The Secure Boot mechanism is a newer standard that allows ensuring a device boots using only trusted software used by the OEM. At the time of boot, Secure Boot checks to ensure each software component, including UEFI firmware drivers, EFI apps, and the operating system, is characterized by the expected signatures. If not, this may indicate that the system has been compromised.
VBS (Virtualization-based Security)
Virtualization-based security (VBS) uses hardware virtualization technology to isolate secure areas of memory from the normal operating system. This virtual secure mode can serve as the host of other security solutions to protect them from operating system vulnerabilities or malicious exploits. An example of a security solution that can take advantage of virtualization-based security is the aforementioned hypervisor-enforced code integrity (HVCI).
Trusted Platform Module (TPM) 2.0 is a technology designed to allow hardware-based security functions. The TPM chip is a specially designed crypt-processor that allows generating, storing, and limiting access to keys. TPM chips have been discrete hardware devices that are part of the motherboard. TPM has even evolved to a virtualized solution, such as now found in VMware vSphere, to allow for a virtual trusted platform module or vTPM. The vTPM allows cryptographic capabilities to be performed in the software layer, extending the hardware TPM chip's benefits into the software layer.
Subscribe to 4sysops newsletter!
The new Windows Admin Center Secured-core functionality allows admins to view what Microsoft refers to as the Secured-core or core recommended Windows security features.
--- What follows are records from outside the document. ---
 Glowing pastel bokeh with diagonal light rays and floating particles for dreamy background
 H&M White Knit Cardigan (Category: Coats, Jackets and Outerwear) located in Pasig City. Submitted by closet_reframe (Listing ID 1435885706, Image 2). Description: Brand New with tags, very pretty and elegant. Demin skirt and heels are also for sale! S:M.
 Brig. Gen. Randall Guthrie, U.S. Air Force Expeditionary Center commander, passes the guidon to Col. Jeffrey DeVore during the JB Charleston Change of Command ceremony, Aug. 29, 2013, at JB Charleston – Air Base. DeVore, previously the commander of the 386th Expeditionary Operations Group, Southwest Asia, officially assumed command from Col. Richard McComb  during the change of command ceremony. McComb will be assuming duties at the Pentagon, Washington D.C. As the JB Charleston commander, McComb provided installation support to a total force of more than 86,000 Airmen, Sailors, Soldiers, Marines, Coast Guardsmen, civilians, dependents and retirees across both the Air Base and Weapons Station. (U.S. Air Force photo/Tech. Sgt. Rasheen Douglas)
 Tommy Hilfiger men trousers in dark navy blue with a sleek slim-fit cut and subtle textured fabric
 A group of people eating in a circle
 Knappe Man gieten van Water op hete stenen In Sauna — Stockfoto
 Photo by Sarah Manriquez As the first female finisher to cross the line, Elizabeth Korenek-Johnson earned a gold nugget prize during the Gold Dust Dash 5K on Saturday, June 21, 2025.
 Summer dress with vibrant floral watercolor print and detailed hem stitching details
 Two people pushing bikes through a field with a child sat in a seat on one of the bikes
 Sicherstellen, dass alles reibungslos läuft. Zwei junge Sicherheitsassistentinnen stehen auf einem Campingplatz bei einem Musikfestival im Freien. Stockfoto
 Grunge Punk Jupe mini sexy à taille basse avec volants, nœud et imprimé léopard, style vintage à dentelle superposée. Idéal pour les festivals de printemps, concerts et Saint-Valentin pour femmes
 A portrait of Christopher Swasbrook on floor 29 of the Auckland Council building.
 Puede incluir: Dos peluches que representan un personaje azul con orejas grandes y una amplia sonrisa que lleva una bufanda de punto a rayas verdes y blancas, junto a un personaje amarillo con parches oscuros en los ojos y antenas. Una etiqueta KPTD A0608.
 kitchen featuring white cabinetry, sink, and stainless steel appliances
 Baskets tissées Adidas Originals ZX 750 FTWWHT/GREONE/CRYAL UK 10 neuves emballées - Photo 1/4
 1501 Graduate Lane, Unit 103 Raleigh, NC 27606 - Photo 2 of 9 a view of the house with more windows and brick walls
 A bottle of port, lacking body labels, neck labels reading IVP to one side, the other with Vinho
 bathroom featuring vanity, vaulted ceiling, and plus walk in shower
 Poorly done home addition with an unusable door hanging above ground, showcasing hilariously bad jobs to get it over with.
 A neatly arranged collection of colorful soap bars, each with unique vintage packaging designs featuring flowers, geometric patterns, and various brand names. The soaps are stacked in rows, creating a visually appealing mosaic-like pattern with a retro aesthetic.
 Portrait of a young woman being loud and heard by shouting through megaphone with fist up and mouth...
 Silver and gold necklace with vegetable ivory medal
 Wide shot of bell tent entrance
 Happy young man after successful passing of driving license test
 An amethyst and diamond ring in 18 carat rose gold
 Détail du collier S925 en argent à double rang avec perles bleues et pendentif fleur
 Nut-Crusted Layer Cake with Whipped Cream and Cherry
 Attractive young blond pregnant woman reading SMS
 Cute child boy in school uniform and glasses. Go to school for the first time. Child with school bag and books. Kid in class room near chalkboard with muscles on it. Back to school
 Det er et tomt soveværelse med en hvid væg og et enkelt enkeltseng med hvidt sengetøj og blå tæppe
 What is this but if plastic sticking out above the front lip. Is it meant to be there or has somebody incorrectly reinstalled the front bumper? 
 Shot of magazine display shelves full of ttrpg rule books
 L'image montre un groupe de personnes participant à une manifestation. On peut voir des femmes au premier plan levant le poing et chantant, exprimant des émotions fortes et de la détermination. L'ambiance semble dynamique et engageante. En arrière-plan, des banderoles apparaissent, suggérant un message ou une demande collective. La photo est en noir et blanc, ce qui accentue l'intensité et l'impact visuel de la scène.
There are six areas checked as part of the Secured-core assessment. These include HVCI, Boot DMA Protection, System Guard, Secure Boot, VBS, and TPM 2.0. Using and configuring systems capable of enabling all six security features provides for drastically increased security compared to systems running without these features enabled. As a note, the Secured-core feature is view-only at this point. In other words, you can only see the security settings configured or not configured. It would be nice to see Microsoft provide an "easy button" with each of the Secured-core dashboard features to enable them.